Problem statement:
Print only what runs from the line that includes "Mercedes-AMG GLE53 4Matic+" to the end of the listing, word for word, and do not include any pictures.

[The input]

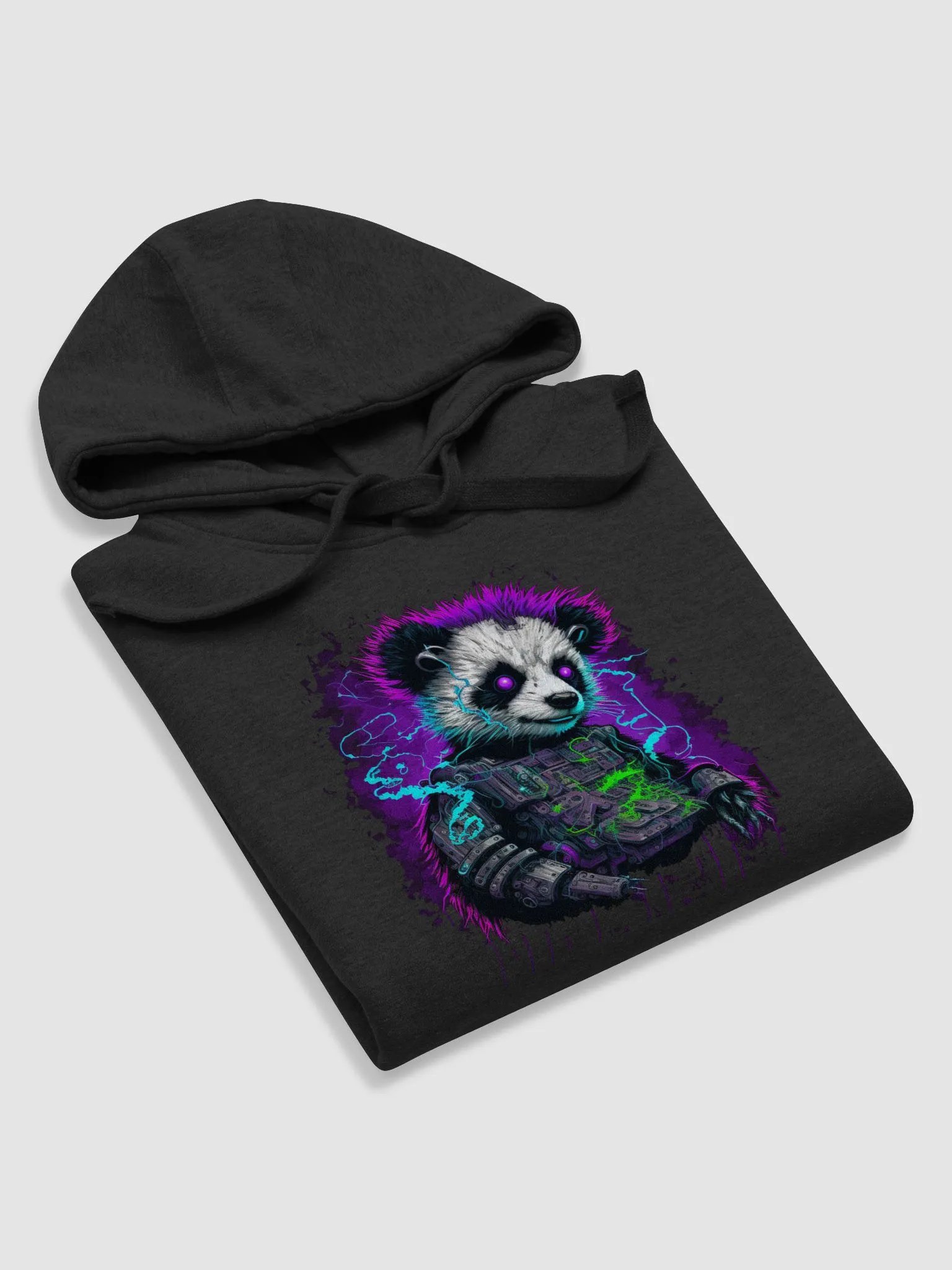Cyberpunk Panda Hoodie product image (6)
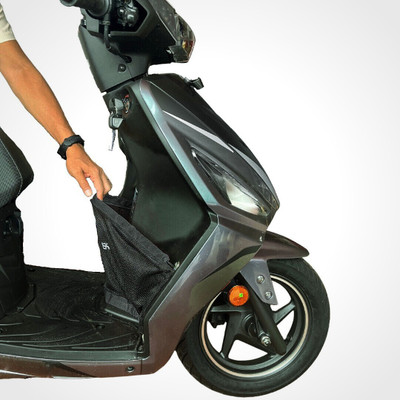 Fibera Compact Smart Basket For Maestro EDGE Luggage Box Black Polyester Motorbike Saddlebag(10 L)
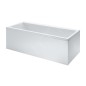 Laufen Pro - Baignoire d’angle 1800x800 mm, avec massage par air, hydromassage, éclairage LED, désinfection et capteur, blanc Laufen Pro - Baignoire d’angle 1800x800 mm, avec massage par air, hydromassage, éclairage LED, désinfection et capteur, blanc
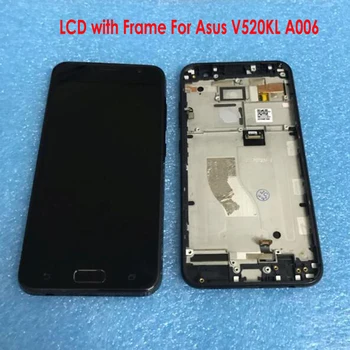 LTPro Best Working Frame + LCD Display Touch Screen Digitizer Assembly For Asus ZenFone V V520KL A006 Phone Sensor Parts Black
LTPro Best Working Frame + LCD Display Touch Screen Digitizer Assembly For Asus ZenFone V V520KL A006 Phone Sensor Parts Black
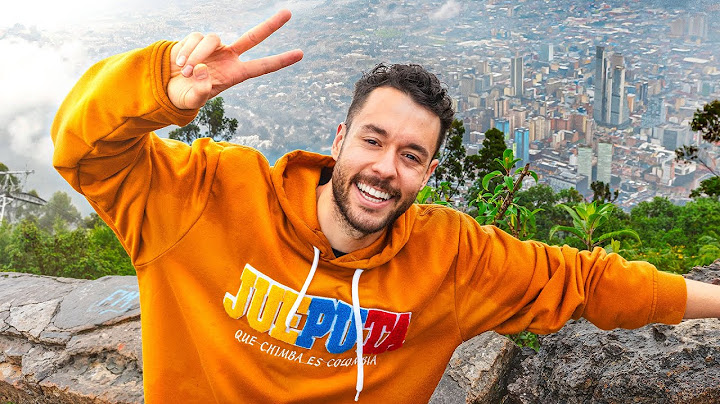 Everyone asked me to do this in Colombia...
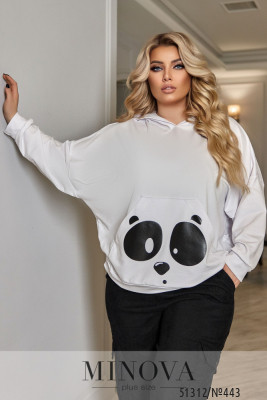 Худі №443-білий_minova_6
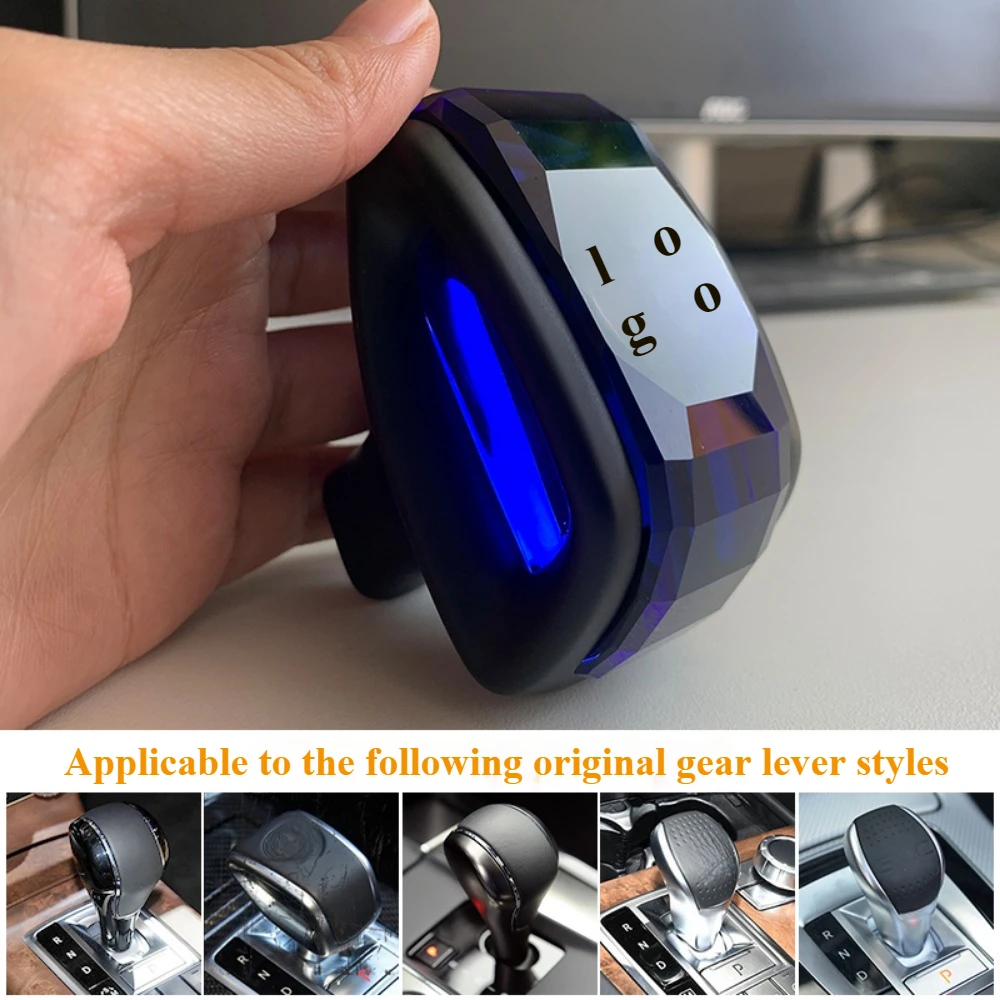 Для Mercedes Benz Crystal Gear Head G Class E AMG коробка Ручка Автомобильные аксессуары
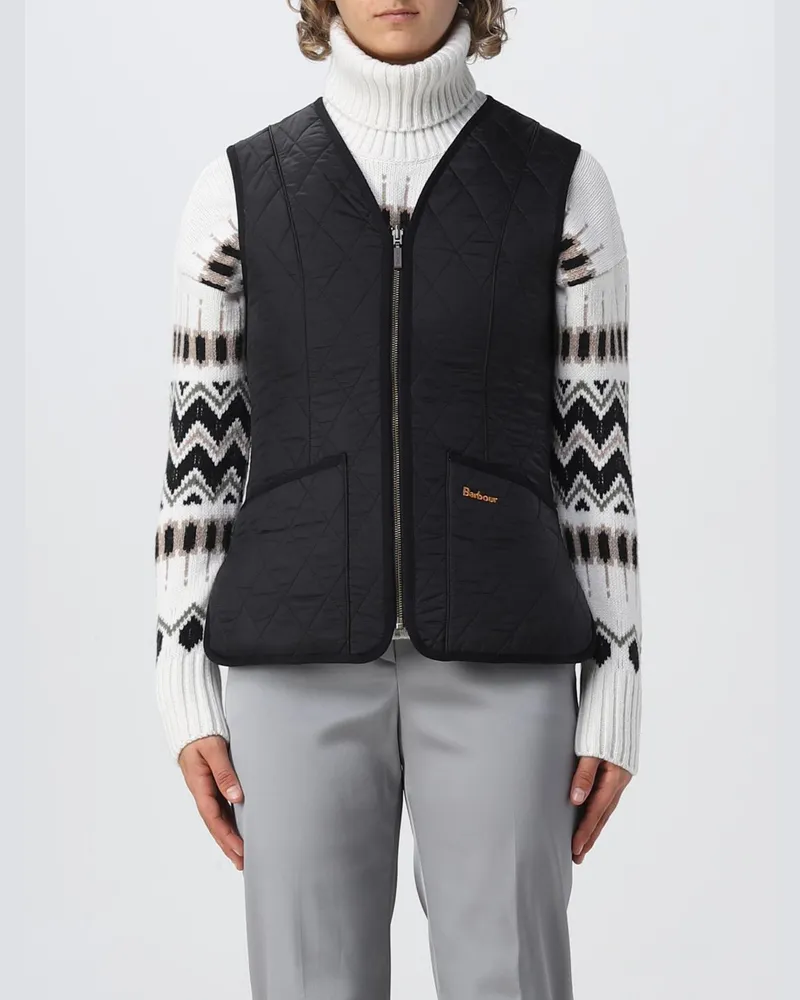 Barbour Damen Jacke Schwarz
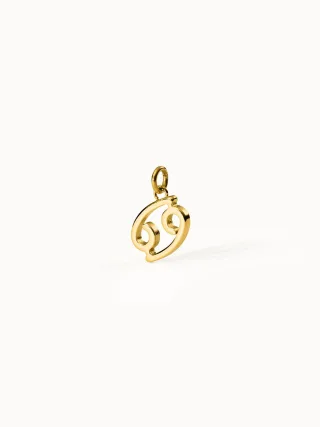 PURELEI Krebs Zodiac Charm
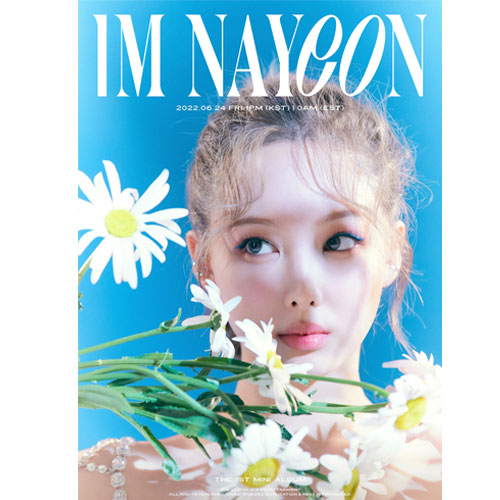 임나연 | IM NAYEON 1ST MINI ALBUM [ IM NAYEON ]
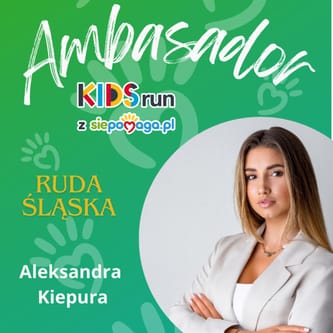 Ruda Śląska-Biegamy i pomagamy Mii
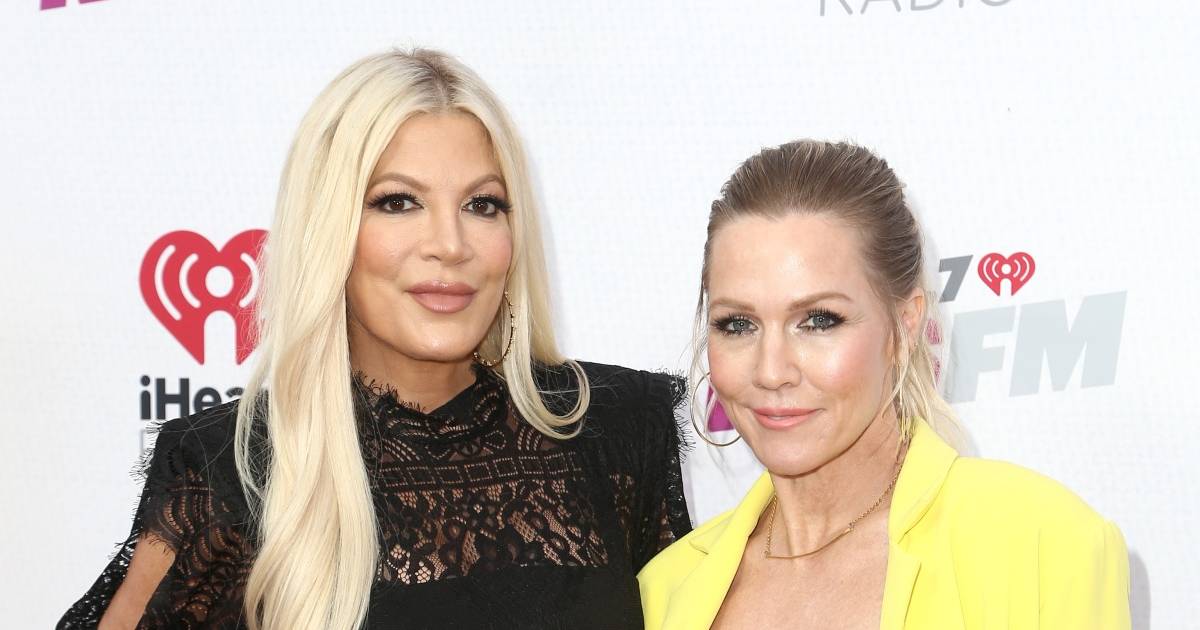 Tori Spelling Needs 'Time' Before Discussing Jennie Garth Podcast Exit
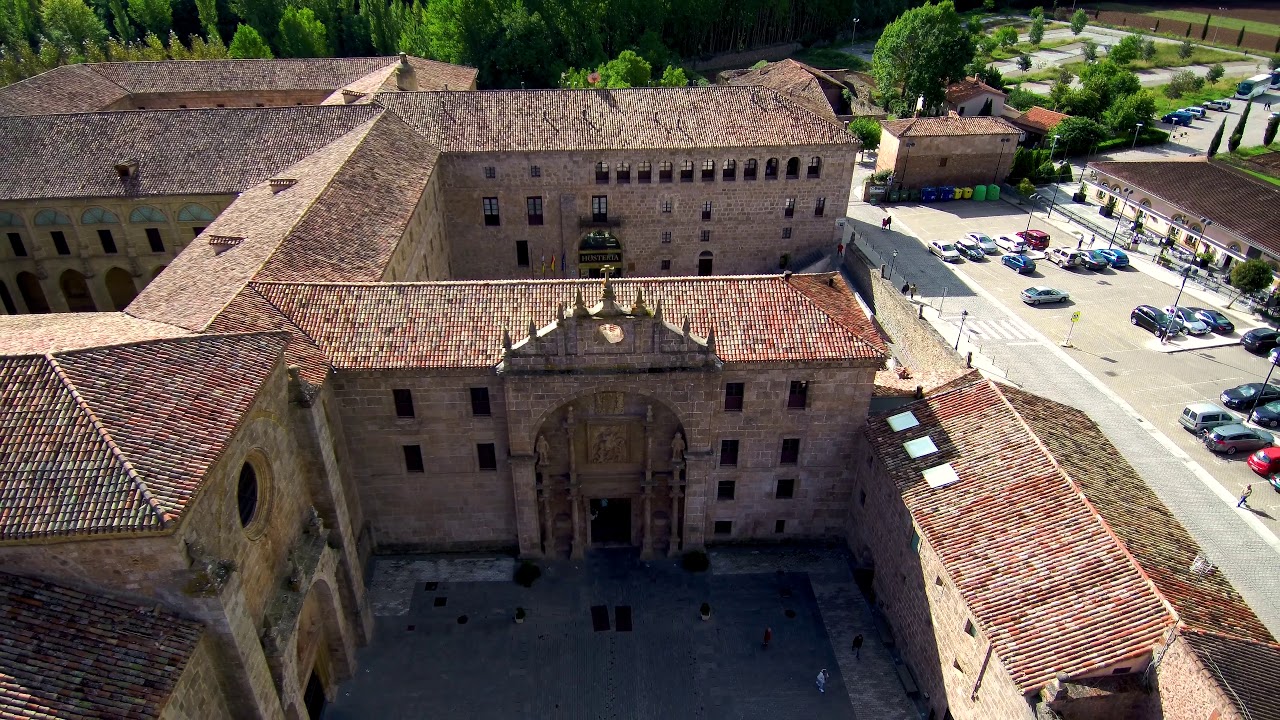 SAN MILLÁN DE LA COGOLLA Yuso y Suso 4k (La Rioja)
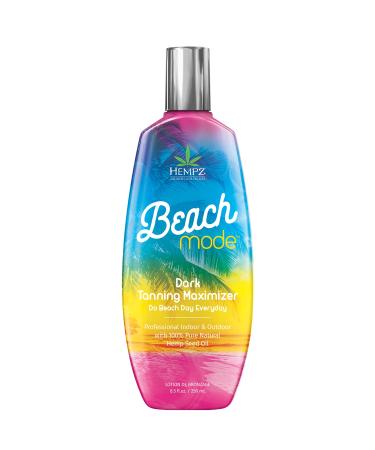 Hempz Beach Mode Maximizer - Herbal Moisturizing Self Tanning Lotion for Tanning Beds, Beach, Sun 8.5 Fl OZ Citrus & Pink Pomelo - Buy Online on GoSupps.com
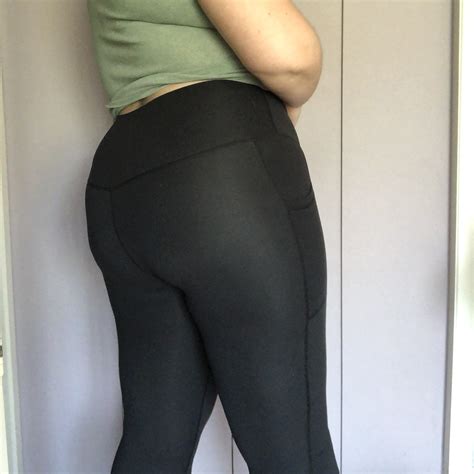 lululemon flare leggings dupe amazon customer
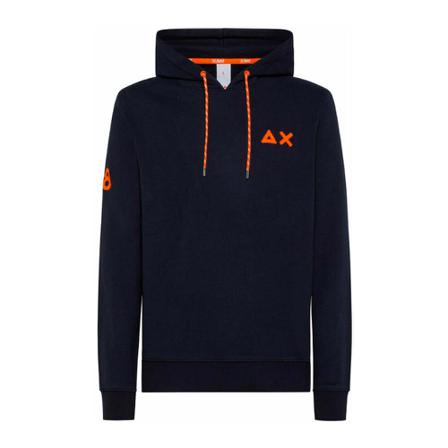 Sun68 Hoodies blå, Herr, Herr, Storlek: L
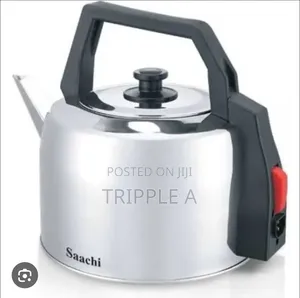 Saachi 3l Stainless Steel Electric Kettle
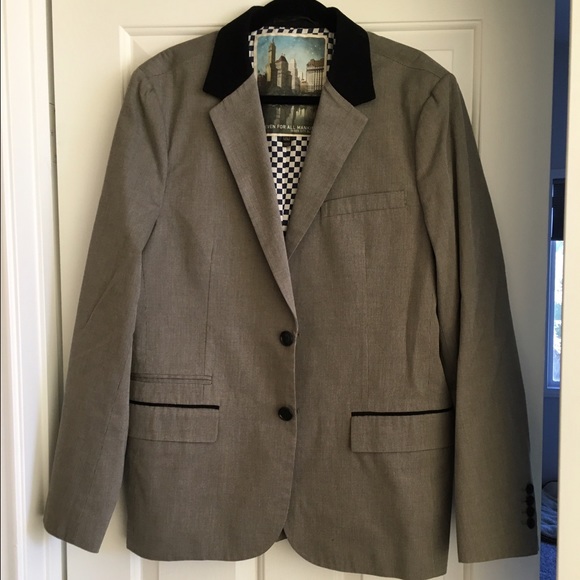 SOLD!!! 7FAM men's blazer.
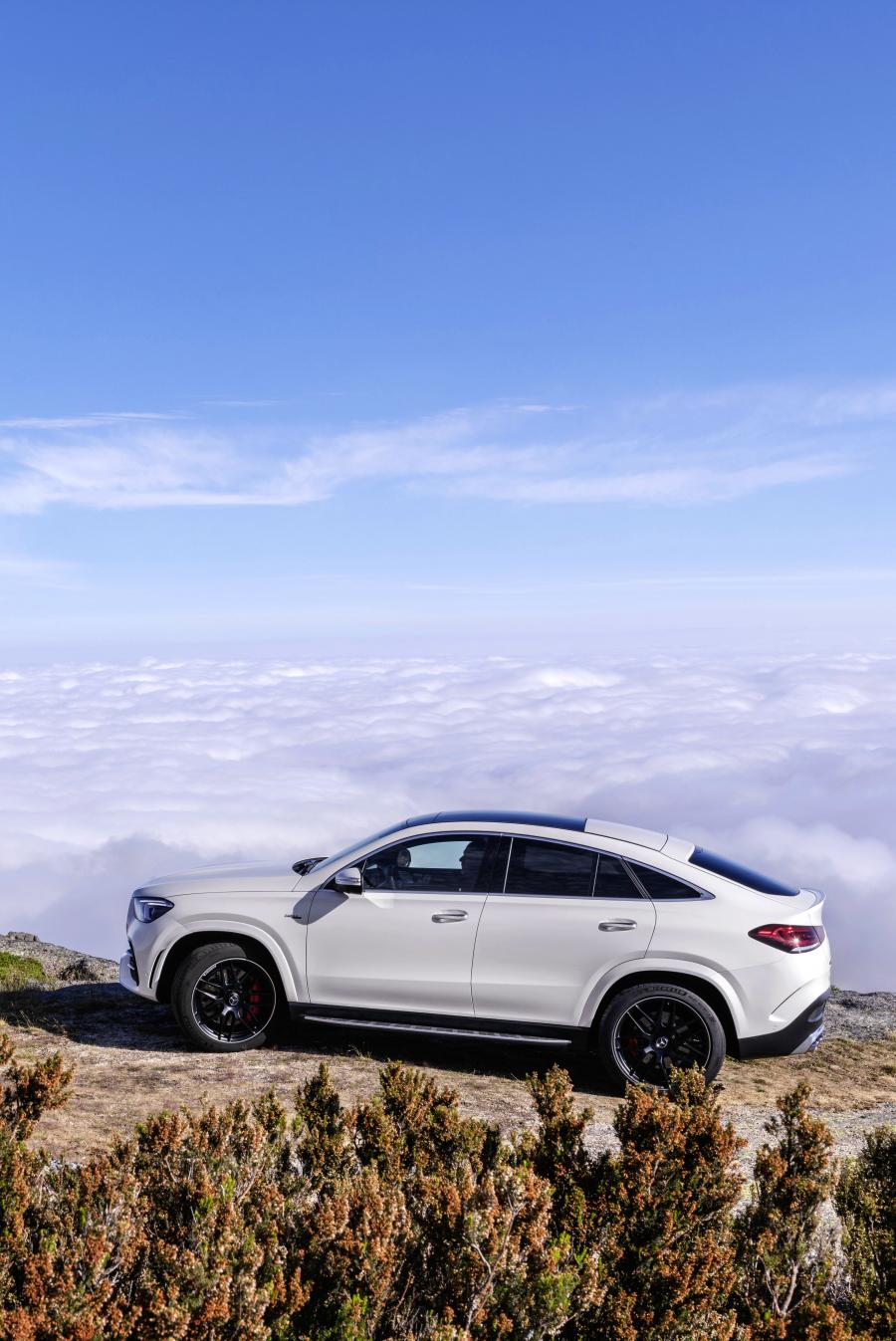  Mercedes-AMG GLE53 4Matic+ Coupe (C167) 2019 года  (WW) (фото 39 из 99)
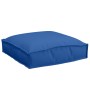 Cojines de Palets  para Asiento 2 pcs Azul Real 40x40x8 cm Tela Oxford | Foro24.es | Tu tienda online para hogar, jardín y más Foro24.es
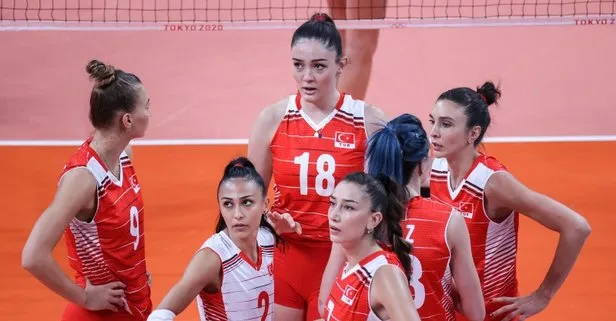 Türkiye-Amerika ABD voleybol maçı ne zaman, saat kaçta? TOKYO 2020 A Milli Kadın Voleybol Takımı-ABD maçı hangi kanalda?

[/The input]

Result of this exercise:
  Mercedes-AMG GLE53 4Matic+ Coupe (C167) 2019 года  (WW) (фото 39 из 99)
 Cojines de Palets  para Asiento 2 pcs Azul Real 40x40x8 cm Tela Oxford | Foro24.es | Tu tienda online para hogar, jardín y más Foro24.es
 Türkiye-Amerika ABD voleybol maçı ne zaman, saat kaçta? TOKYO 2020 A Milli Kadın Voleybol Takımı-ABD maçı hangi kanalda?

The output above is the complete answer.